Blefarit tedavisi hastalığın kronik, inatçı ve tekrarlayıcı olması sebebiyle uzun sürebilmekte, bazen de sadece bıkkınlıktan hasta tedavisini aksatabilmektedir. Bu bakımdan blefaritli hastaların tedavi sonuçlarını değerlendirmekte ve eşlik eden kuru göz hastalığının seyrini değerlendirmekte TearLab™ Osmolarite Sistemi hızlı, konforlu, kantitatif ve pratik bir ölçüm metodu gibi görünmektedir. Bizim olgu serimizdeki hastalarda da ölçümlerin alınıp değerlendirilmesi göz başına 1 dakikadan az bir süre zarfında gerçekleşmiştir. Hastalar sübjektif olarak ölçüm sırasında ve sonrasında rahatsızlık hissetmediklerini belirtmişlerdir.

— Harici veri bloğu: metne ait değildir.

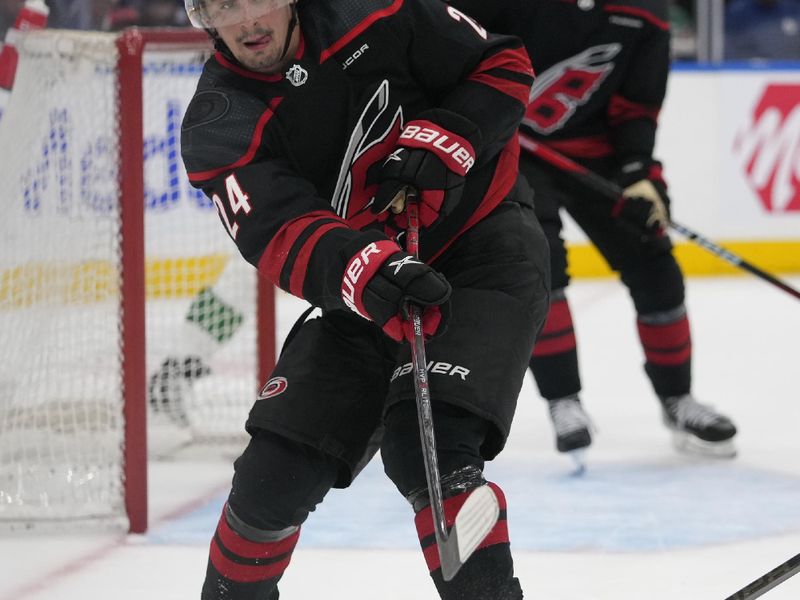 Mar 16, 2024; Toronto, Ontario, CAN; Carolina Hurricanes forward Seth Jarvis (24) clears the puck against the Toronto Maple Leafs during the third period at Scotiabank Arena. Mandatory Credit: John E. Sokolowski-USA TODAY Sports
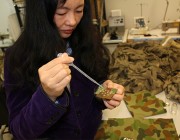 Dr Jie Ding tests how a soldier’s uniform reacts to the application of Newtonian liquids. Defence reseracher Dr Jie Ding.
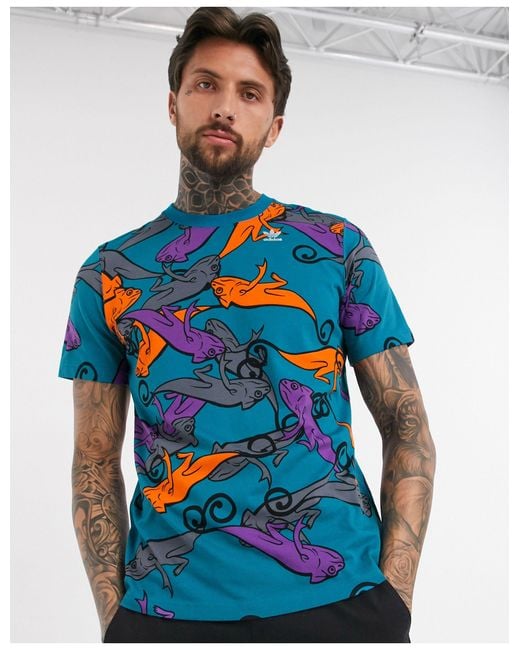 Adidas Originals Blue T-shirt With All Over Chameleon Print for men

Kuru göz tanısı koymak için osmolarite ölçümünde sayısal olarak hangi değerin referans olarak alınacağı konusunda farklı görüşler mevcuttur. İrkeç’e13 göre 312 mOsm/L’den yüksek değerler tanısal öneme sahiptir. Tomlinson ve ark.14 kuru gözü olan ve olmayan hastalarda osmolarite değerlerini içeren bir meta-analiz çalışması sonucunda 316 mOsm/L değerini limit olarak bildirmişler, bu değerin üzerindeki ölçümlerin kuru göz hastalığı tanısı anlamına geldiğini belirtmişlerdir.

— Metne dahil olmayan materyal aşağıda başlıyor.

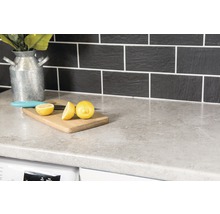 Plan de travail de cuisine avec planche à découper, citron et couteau devant un dosseret carrelé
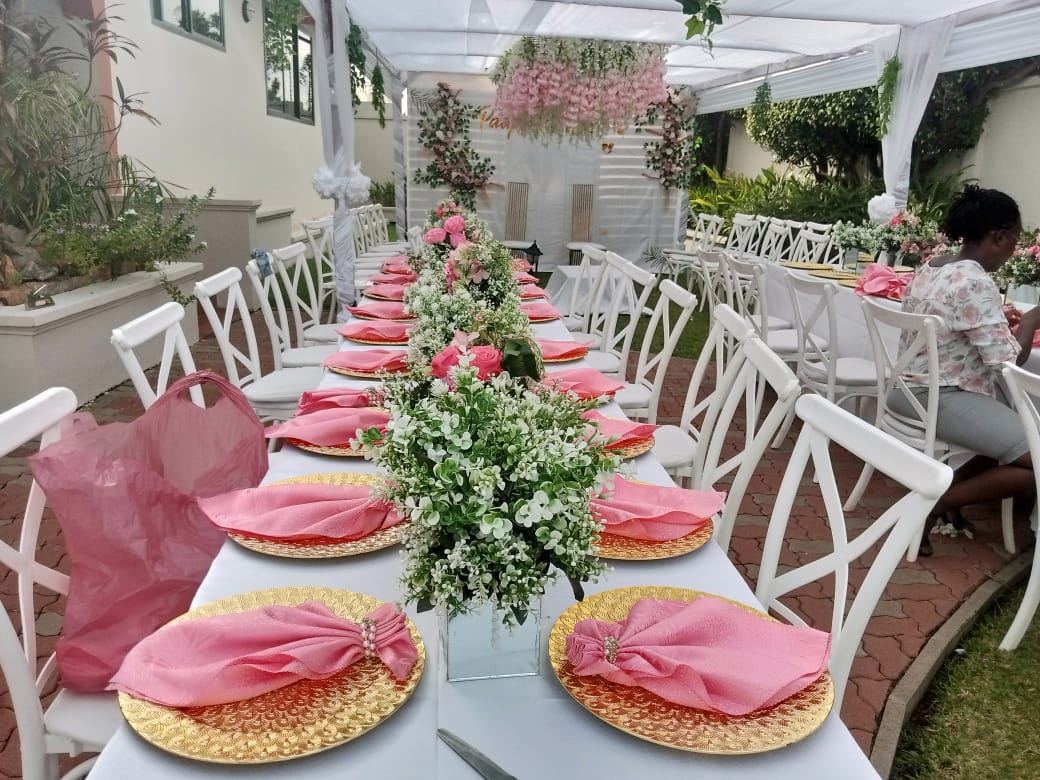 Outdoor table with pink napkins on gold chargers and a low arrangement of white and pink flowers, under a white canopy with hanging pink blossoms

Son zamanlarda çeşitli oküler hastalıklar ve cerrahiler sonrası TearLab™ Osmolarite Sistemi ile yapılmış osmolarite değişimlerini içeren değişik çalışmalar da yayınlanmıştır.15,16 Utine ve ark.15 primer Sjögren sendromu ile ilişkili kuru göz hastalarında gözyaşı osmolarite değerlerinin daha yüksek olduğunu ve hastalığın ağırlığıyla korelasyon gösterdiğini bildirmektedirler. Öncel ve ark.16 katarakt cerrahisine bağlı olarak gelişen ya da artan kuru gözü incelemek amacıyla osmolarite ölçümleri yapmışlar, cerrahi sonrası birinci ayda osmolarite değerinin anlamlı olarak arttığını ve üçüncü ayda cerrahi öncesi değerlere indiğini bildirmişlerdir. Literatürü araştırdığımızda blefaritli gözlerde osmolarite ile gözyaşı fonksiyon testleri arasındaki ilişki ile ilgili çalışmalara rastlamadık, bu bakımdan çalışmamızın bu konuda ilk defa yapılmış bir çalışma olduğunu düşünüyoruz.

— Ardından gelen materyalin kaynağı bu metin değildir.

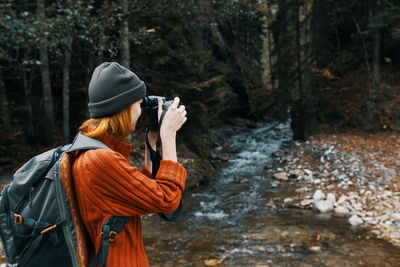 Woman photographing in water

Bu araştırmada blefaritli hastalarda GKZ, Schirmer testleri ve OSDI© skorlamasının yanısıra gözyaşı osmolarite değerinin de patolojik olarak yükseldiği görülmektedir. Osmolarite, gözyaşı film tabakasınındaki patolojik değişikliklerin önemli bir göstergesi olarak düşünüldüğünden kronik blefaritli hastalarda eşlik eden kuru göz hastalığının tanısı ve tedaviye yanıtın izlenmesi için önemli bir kriter ve parametre olabilir. Hem blefaritin gözyaşında yarattığı olumsuzluğun derecesini saptamak hem de takibinde uygulanan tedavinin gözyaşı tabakasını olumlu ya da olumsuz etkilemesini değerlendirmek açısından hasta gözleri osmolarite ölçümleri yaparak kantitatif olarak değerlendirmek tedavi protokolüne ve dozajına karar vermemizi kolaylaştırabilir. Ölçümün daha pratik ve standardize bir cihaz olan TearLab™ Osmolarite Sistemi ile yapılması, hastaların tanı, tedavi ve takip aşamalarında faydalı bir yardımcı tetkik yöntemi olabilir.

Çıkar çatışması: Yazarlar bu makale ile ilgili olarak herhangi bir çıkar çatışması bildirmemişlerdir.